The next afternoon, the merchant’s son set sail for home in a ship laden with one bag of gold for every sack of salt.
. . .
“Your grandmother told you that?”
“She did.”
. . .
“It is a good story. . . .”
“Yes, it is.”
. . .
“But it doesn’t absolve you.”
“I should think not.”
An Alliance
At 5:45, with his five waiters standing at their stations, the Count made his nightly rounds of the Boyarsky. Beginning in the northwest corner, he circulated through the twenty tables to ensure that every setting, every saltcellar, every vase of flowers was in its proper place.
At table four a knife was realigned to be parallel with its fork. At table five a water glass was moved from midnight to one o’clock. At table six a wine glass that had a remnant of lipstick was whisked away, while at table seven the soap spots on a spoon were polished until the inverted image of the room could be clearly seen on the surface of the silver.
This, one might be inclined to observe, is exactly how Napoleon must have appeared when in the hour before dawn he walked among his ranks, reviewing everything from the stores of munitions to the dress of the infantry—having learned from experience that victory on the field of battle begins with the shine on a boot.
But many of Napoleon’s greatest battles lasted only a day and were never to be fought again. . . .
As such, the more apt analogy might be that of Gorsky at the Bolshoi. Having studied the intent of the composer, collaborated closely with his conductor, trained his dancers, overseen the design of the costumes and sets, Gorsky also walked his ranks in the minutes before battle. But once the curtain fell and the audience departed, there would be no parade along the Champs-Élysées. For in less than twenty-four hours, his ballerinas, musicians, and technicians would reassemble to execute the same performance to the same standard of perfection. Now that was the life of the Boyarsky—a battle that must be waged with exacting precision while giving the impression of effortlessness, every single night of the year.

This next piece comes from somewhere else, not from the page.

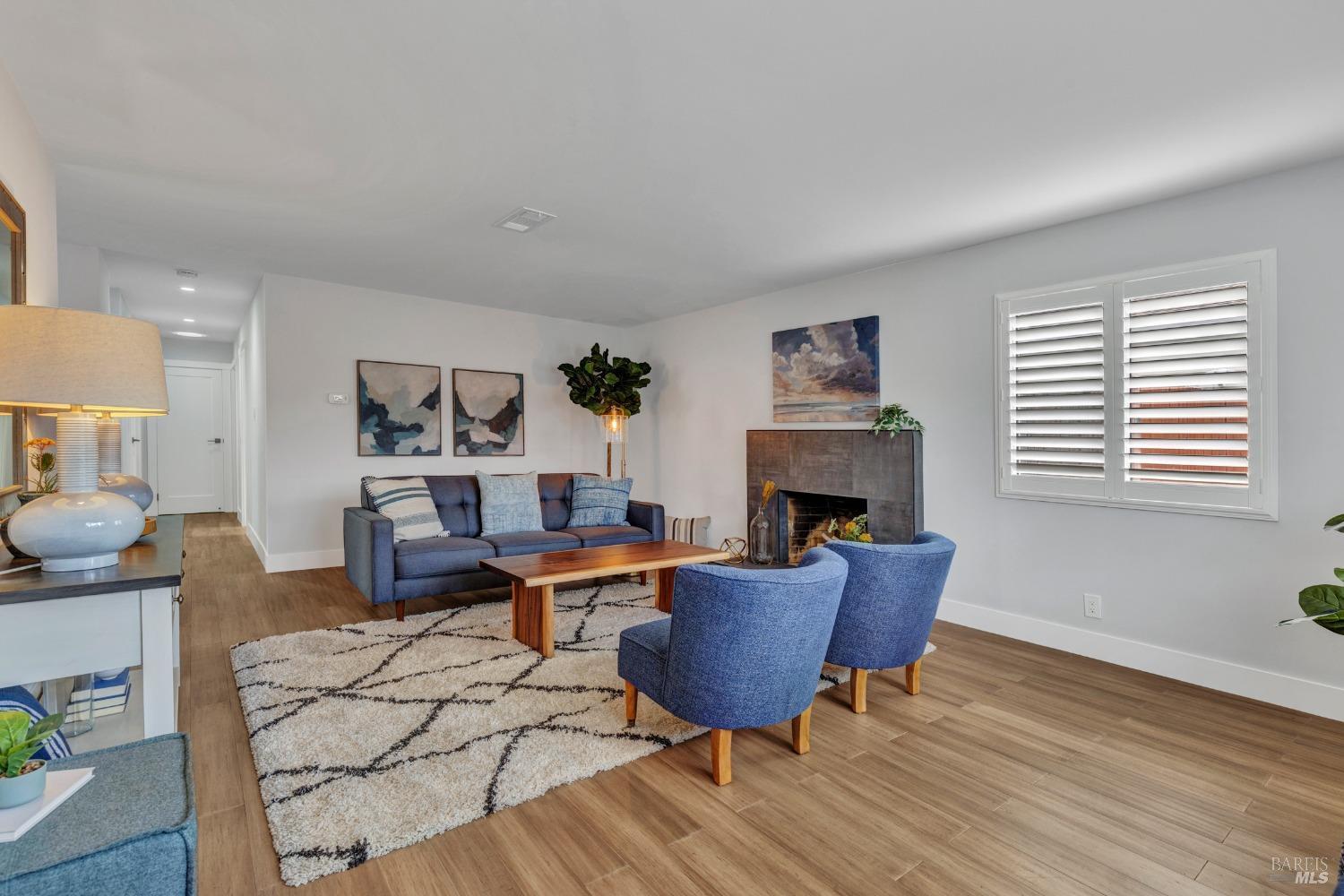 3256 Macfadden Street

Confident that all was in order in the dining room, at 5:55 the Count turned his attention, if briefly, to Emile’s kitchen. Peering through the little round window in the door, the Count could see that the chef’s assistants were standing at the ready in their freshly bleached coats; he could see that the sauces were simmering on the stovetop and the garnishes ready for plating. But what of that notorious misanthrope of a chef? With the opening of the Boyarsky’s doors just minutes away, wasn’t he railing against his staff, his customers, and all his fellow men?
In point of fact, Emile Zhukovsky began his days in a state of the blackest pessimism. The very moment he looked out from under his covers, he met existence with a scowl, knowing it to be a cold and unforgiving condition. Having had his worst suspicions confirmed by the morning papers, at eleven o’clock he would be waiting at the curb for a crowded tram to rattle him to the hotel while muttering, “What a world.”

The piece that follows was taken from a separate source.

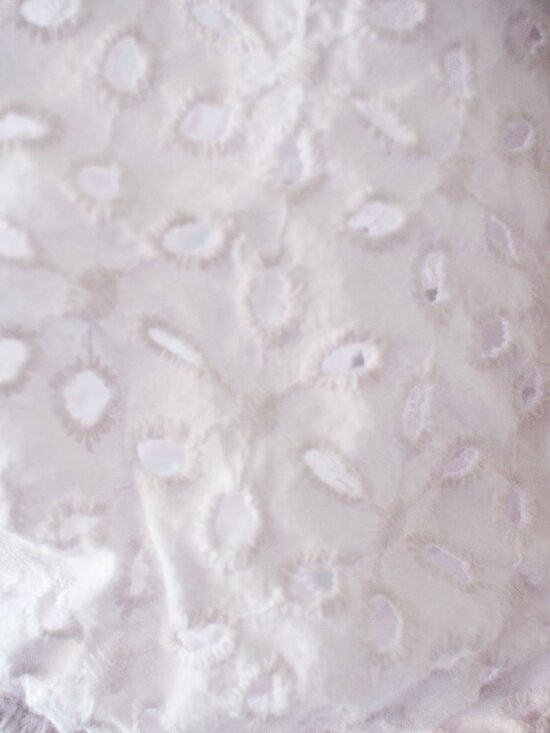 U2B White Eyelet Puff Sleeve Blouse
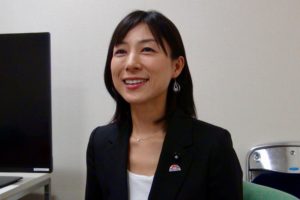 塩村あやか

But as the day unfolded, hour by hour Emile’s pessimism would slowly give way to the possibility that all was not lost. This rosier perspective would begin building quietly around noon, when he came into his kitchen and saw his copper pots. Hanging from their hooks, still shining from the previous night’s scrubbing, they seemed to suggest an indisputable sense of possibility. Stepping into the cooler, he would hoist a side of lamb over his shoulder, and when he dropped it on the counter with a satisfying thump, his worldview would brighten by another hundred lumens. Such that by 3:00, when he heard the sound of root vegetables being chopped and smelled the aroma of garlic being sizzled, Emile might begrudgingly acknowledge that existence had its consolations. Then at 5:30, if everything seemed in order, he might allow himself to sample the wine that he’d been cooking with—just to polish off the bottle, you understand; waste not want not; neither a borrower nor a lender be. And at around 6:25, that dark humor which had seemed at dawn to be the very foundation of Emile’s soul, would become irreversibly sanguine when the first order was delivered to his kitchen.
So, what did the Count see when he looked through the window at 5:55? He saw Emile dip a spoon into a bowl of chocolate mousse and lick it clean. With that confirmation, the Count turned to Andrey and nodded. Then he assumed his station between table one and table two as the maître d’ threw the bolts to open the Boyarsky’s doors.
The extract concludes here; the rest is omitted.